Since reopening to live performances in July 2021, 508 days after its last live performance, Chance’s momentum hasn’t slowed. It has presented major hit musicals like “Next to Normal” and “Green Day’s American Idiot,” as well as non-musicals, like the wrestling saga “The Elaborate Entrance of Chad Deity.” 

Ticket sales have yet to return to pre-pandemic levels, though Long reports they are getting closer, and there are new challenges such as the added increase of payroll taxes due to California Assembly Bill 5 (AB-5).
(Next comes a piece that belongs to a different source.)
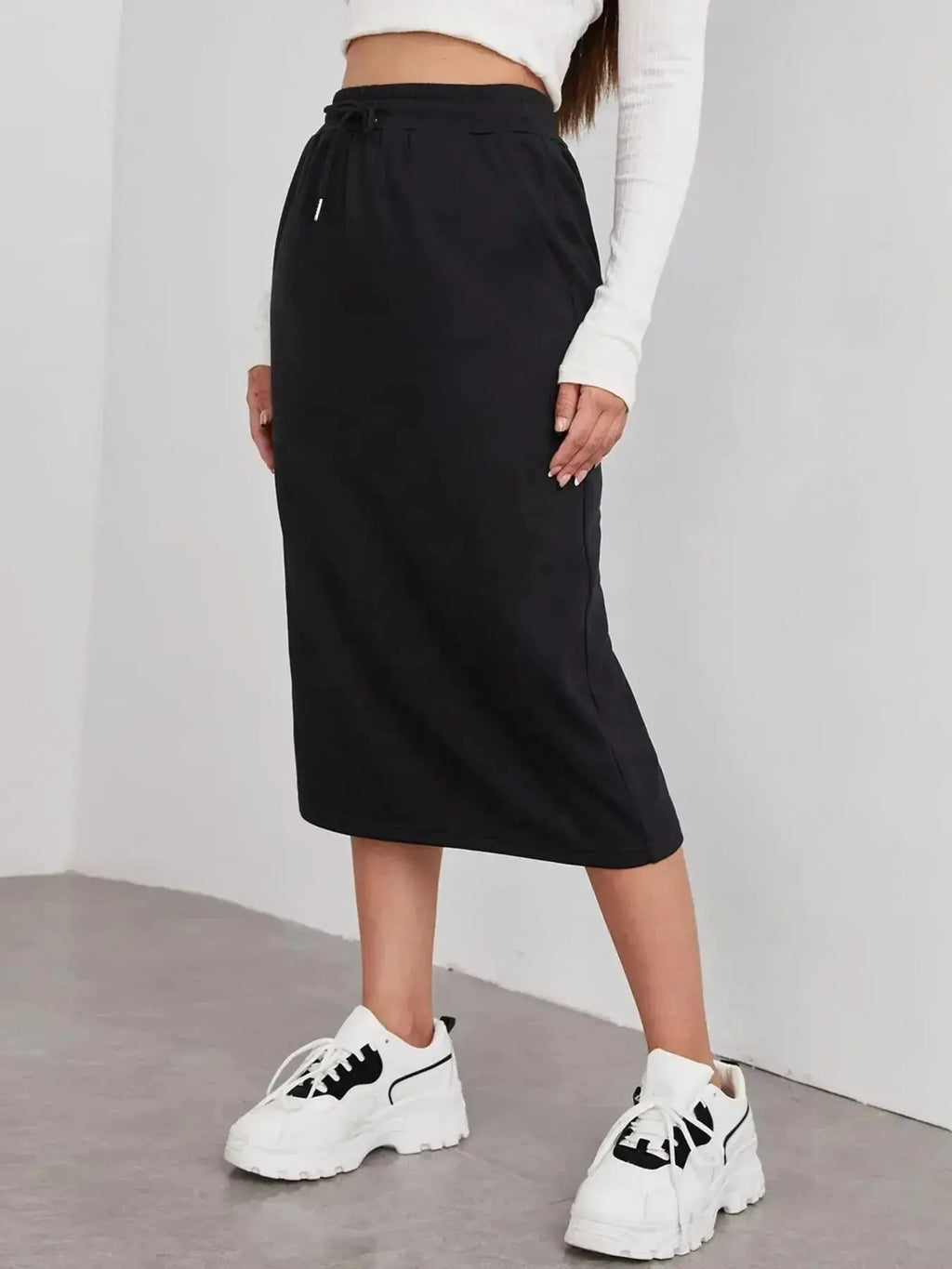 Women's casual drawstring midi skirt with pockets and side slit, trendy Trendsi skirt styled for everyday wear.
But the support of its patrons showed “how invested our community is in what we do and who we are,” Long said. “And we will continue to focus on the two guiding principles we’ve always had, of telling stories that we think people are going to be impacted by and want to talk about and serving our artists by giving them the opportunities to tell those stories.”

Looking Ahead

Based on Chance’s plans for the future, its story doesn’t look like it’s ending anytime soon.

The ideal, Nguyen said, is Chance owning its own venue, which would include a 250-seat mainstage with fixed seating and a 150-seat flexible space.

“Having our own theater would be a game-changer,” he said. “We (could) finally start thinking in terms of periods instead of ellipses because we would have the freedom to make long-term commitments to programs, equipment purchases, and facility choices that would allow us to more effectively create art and serve our community for decades to come.”

Beyond that, Chance is looking to expand its connection with its community, particularly in reaching out to local public schools and universities, as well as possible collaborations with other theaters, such as the rolling world premiere of Dustin Chinn’s “Colonialism is Terrible, but Pho is Delicious,” which it co-produced this year with the Aurora Theatre in Berkeley, and the Oregon Contemporary Theatre in Eugene, Oregon.

More short-term, in its 26th season, which begins in January, Chance will be doing something it first achieved in its second season when it partnered with STAGES Theatre for a production of Amanda DeMaio’s “Unrelenting Relaxation,” which had premiered at that theater. In 2024, it will partner with Katie Chidester,  the co-founding artistic director of Project La Femme, a collective of artists that focus on amplifying the female voice, as well as Sara Guerrero, artistic director of Santa Ana’s Breath of Fire Latina Theatre Ensemble. Chidester will direct “Tiny Beautiful Things,” an adaptation of Cheryl Strayed’s best-selling book, in April; Guerrero is directing the Orange County premiere of Fullerton playwright Benjamine Benne’s “Alma.

“We still have a lot of stories to tell and artists that we’re excited to work with,” Long said. “We’ve got plenty left in the tank.”